Yes. I think the original idea was just to present the hippy free software idea in a more business-friendly form, and thus cause more FOSS to be written.

> > idea of causing social change by coding free software

> FWIW, that also seems to me to be a later gloss. If anything, computers and software are new enough that it's not so much a matter of social change as it is of founding new social norms around these (physical/virtual) machines.

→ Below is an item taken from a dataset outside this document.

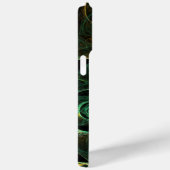Coques Case-Mate iPhone Vibrations magiques Art Abstrait (Verso / Droite)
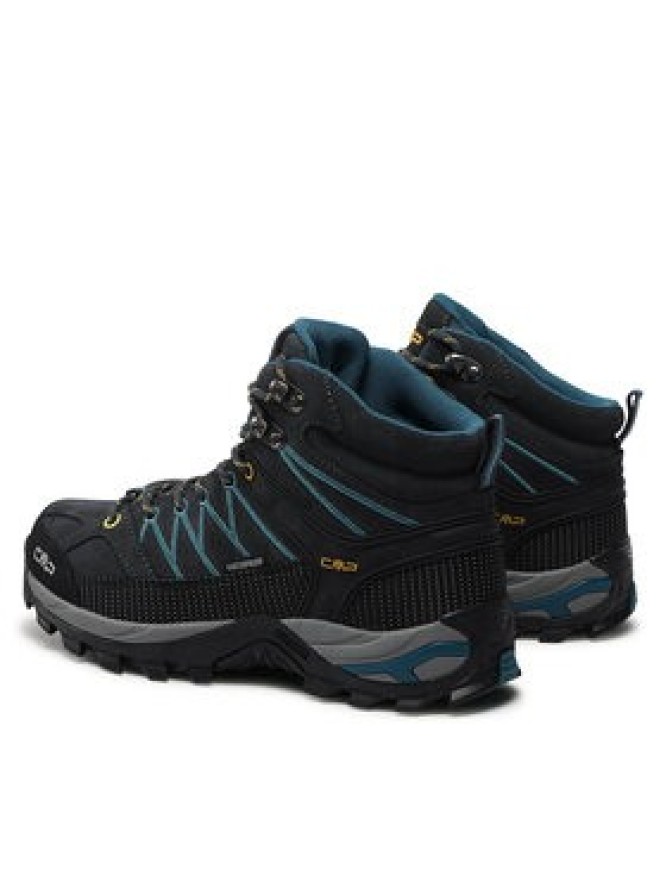 CMP Trekkingi Rigel Mid Trekking Shoe Wp 3Q12947 Szary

Fair enough. Though I don't think free software was so much about forging norms per se, more like an adaptation of old ideas like "Liberté, égalité, fraternité" to the digital age. As opposed to just letting the modern day robber barons have it their way, which to an extent is what's happening with open source.

> RMS just wanted to edit the software in his printer.

Sure, but it spiraled away from that pretty fast.

> Look at the restrictive B.S. that tractor makers are foisting on farmers to see the relevance. Is the idea of being able to fix your own tractor a "social change"? :)

No, more like defending "Liberté, égalité, fraternité" rather than letting the robber barons get away with whatever they can. That being said, AFAICS free software has had about zero impact on this topic; the successes in this are seem to be due to grassroots political campaigning (right to repair laws etc.) rather that some argument that software should be free (in the FSF sense).



Yeah, I agree with you.

It's hard to avoid feeling like the free software movement has failed pretty comprehensively at its stated goals.

For me, as a computer nerd, it's always been hard to understand why normal people aren't fascinated by computers like I am, but the plain fact is they're not. Something like two billion people think facebook is the internet, eh? Everyone has a radio-connected supercomputer in their pockets but it's a locked-down mall and video game arcade, and that seems to be all most people want.

I try not to think about it too much. Maybe this is the shape of human destiny? To be cells in some vast AI body?